• Task prompt: Type out the complete listing below word for word, without its pictures.

• Source data:
-*-

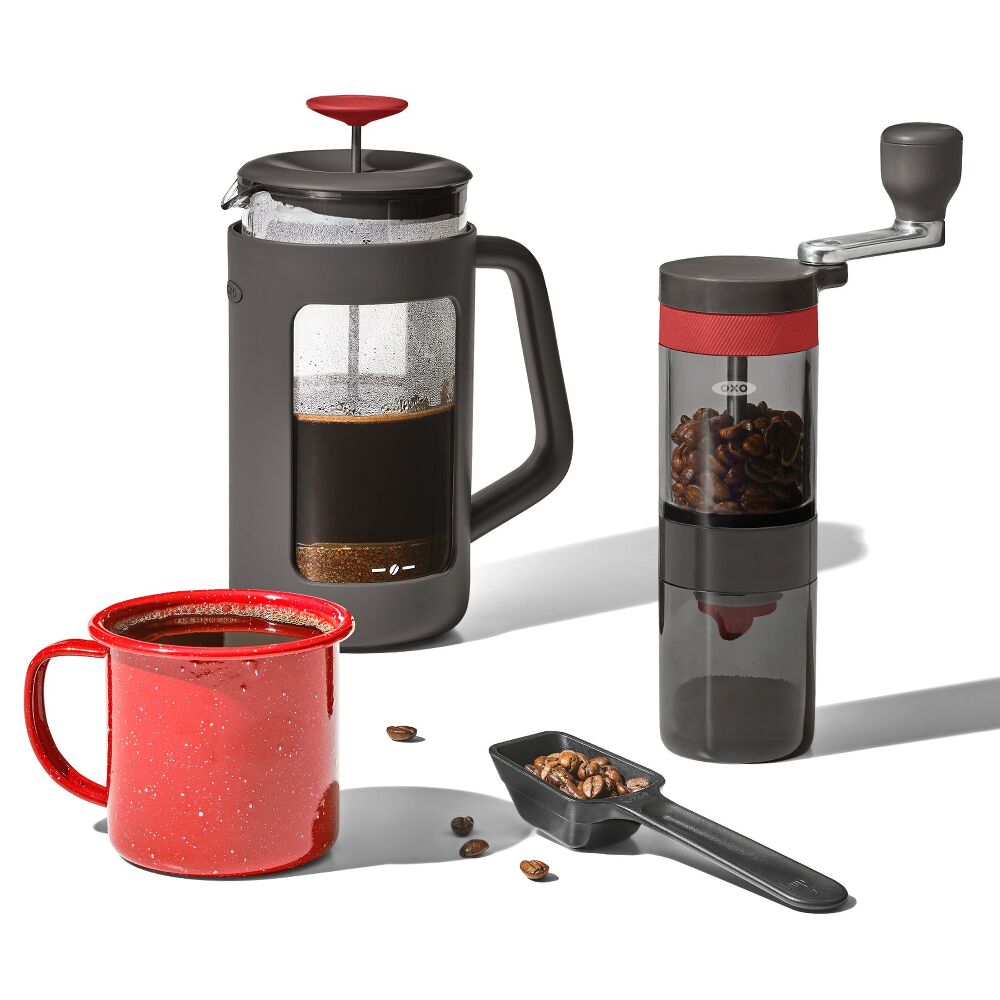 Outdoor Manual Coffee Grinder B8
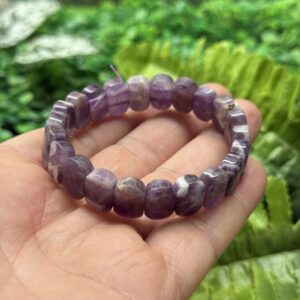 Ametist Taşı Bileklik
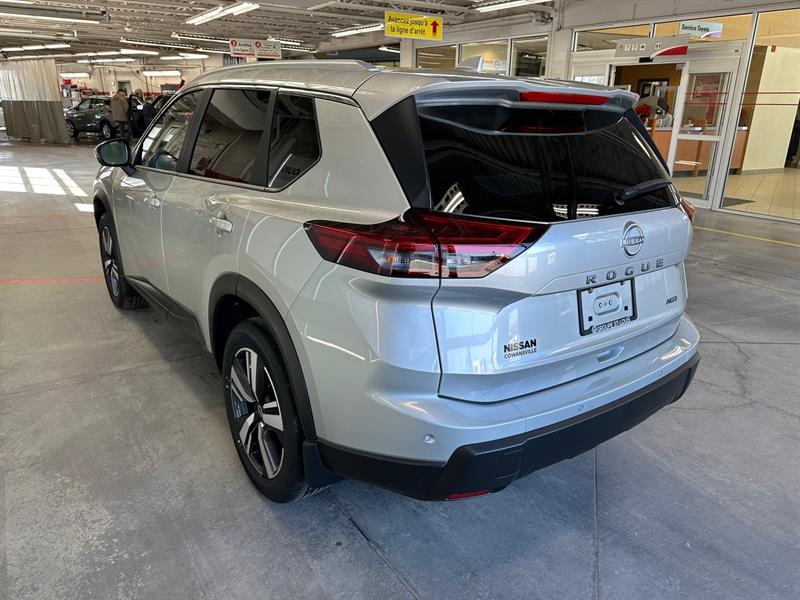 nissan Rogue 2025 - 7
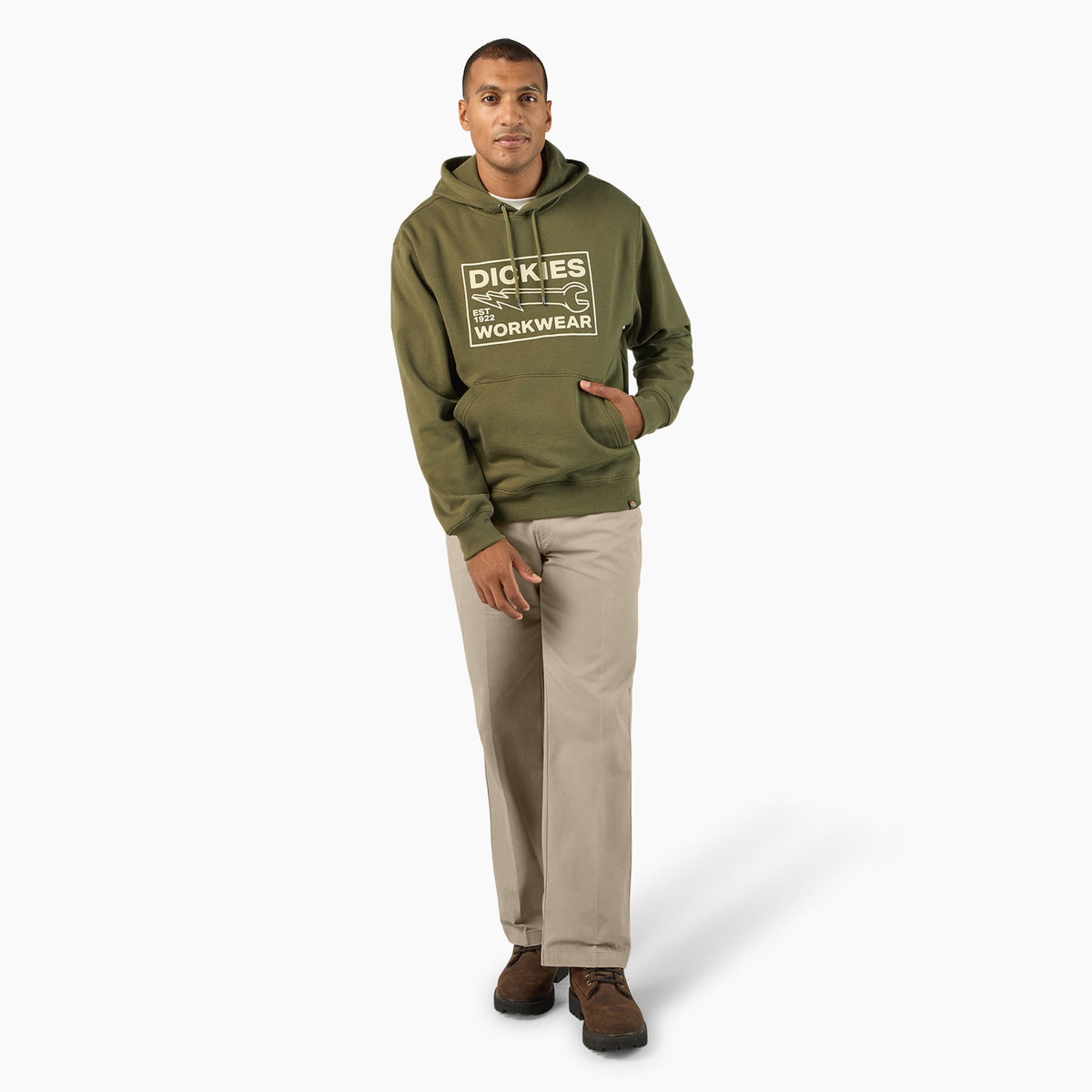 Full Charge Graphic Hoodie - Dickies Great Value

-*-

• Solution for this problem:
 Outdoor Manual Coffee Grinder B8
 Ametist Taşı Bileklik
 nissan Rogue 2025 - 7
 Full Charge Graphic Hoodie - Dickies Great Value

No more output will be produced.